The Pakistan International Airlines, while incurring a total loss of Rs607 billion, has inducted a third Airbus A320 aircraft in its fleet this year.
The national carrier had made a deal to procure four A320 planes, the third of which reached Islamabad from Sharjah on Saturday, as per a PIA statement.
A state-of-the-art aircraft with better cabins will be added to the PIA's fleet to provide better travel facilities to passengers, it added.
Experts, however, are not satisfied with the national carrier’s progress that despite all its claims, it incurred suffered a loss of Rs41.8 billion in the first half of the financial year thar ended on June 30, 2022.
The collective loss of the airline is Rs593 billion and there is no end to this bleeding in sight.
These aircraft are the replacement of those, whose lease had already expired, veteran aviation expert Afsar Malik told The Express Tribune.
He added that the move would not make any difference in the PIA's profit or loss statement.
“In any case, it's not the capacity of our national airline but the cost inefficiency in comparison with private airlines,” he explained.
The aviation expert said in airline business, costs closely track revenues; profit, if any, is razor sharp thin. Airlines make money by reducing capacity and competition.
“More number of airlines means more capacity and enhanced competition resulting in more losses for the PIA and less profits for private airlines,” he added.
The floods in the country have destroyed the railroad infrastructure between north and south, increasing demand for air travel, Malik said, adding that with supply being low, airline ticket prices have gone up.
“However, these windfall profits will be short-lived as the prices will normalise with the restoration of rail road infrastructure,” he said.

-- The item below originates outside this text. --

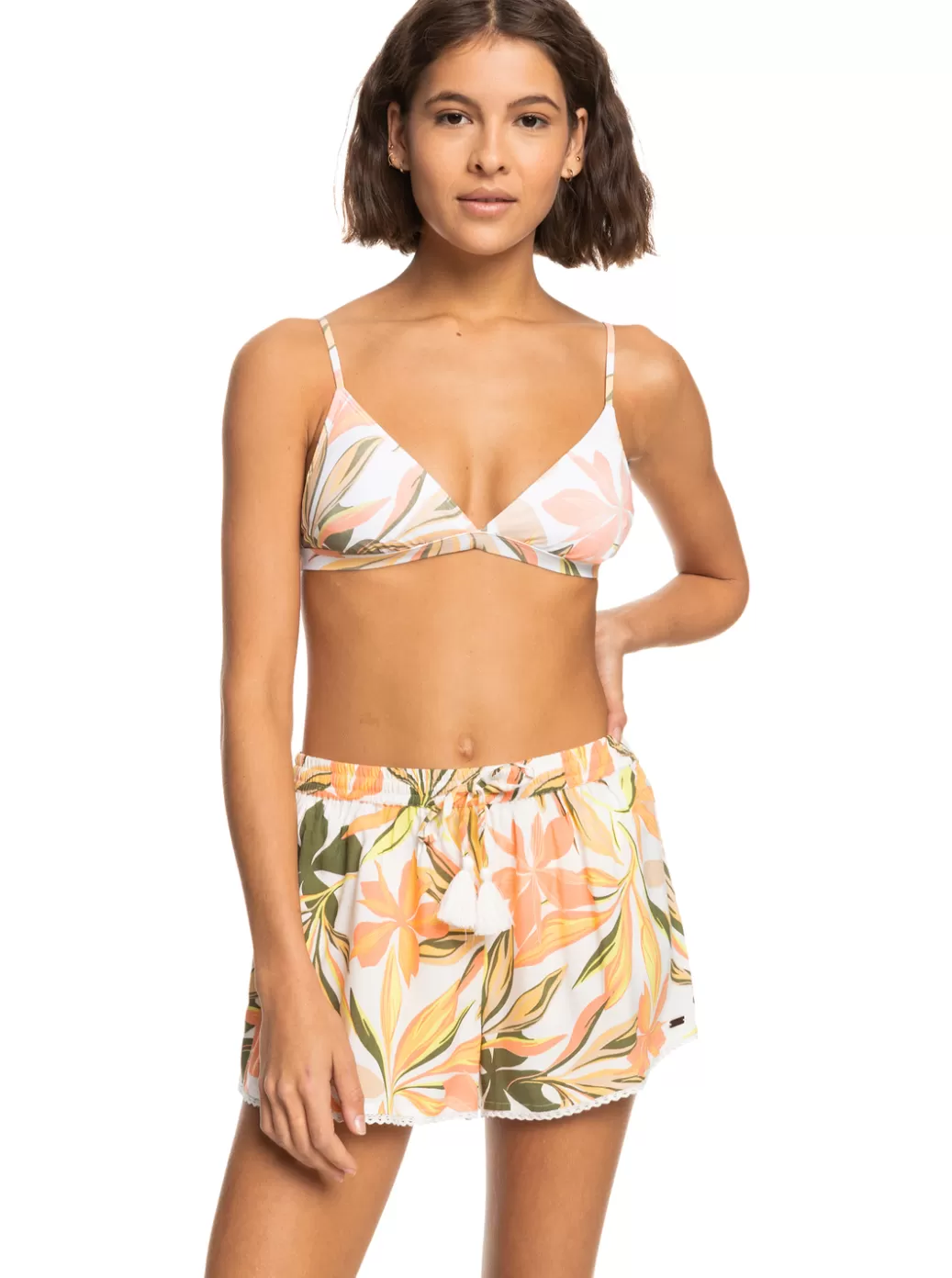 Cover Ups | WOMEN ROXY Salty Tan Shorts Bright White Subtly Salty Mult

The entry of the 5th airline in October will increase both the capacity and competition, putting downward pressure on ticket prices. Prices may drop to as low as 50% of the current rates.
Domestic traffic volume is almost stagnant at six million per annum since 2006, with some exceptions, said Malik. International traffic has been increasing at a rate of 6% and it was about 15 million before the Covid-19 outbreak.
While domestic traffic has recovered to its pre-Covid figures, international traffic might take another couple of years to restore fully, he added.
The fourth and final aircraft of this series would arrive in the country in the next few days, taking the number of A320 aircraft in PIA’s fleet to 14, the national carrier said in its statement.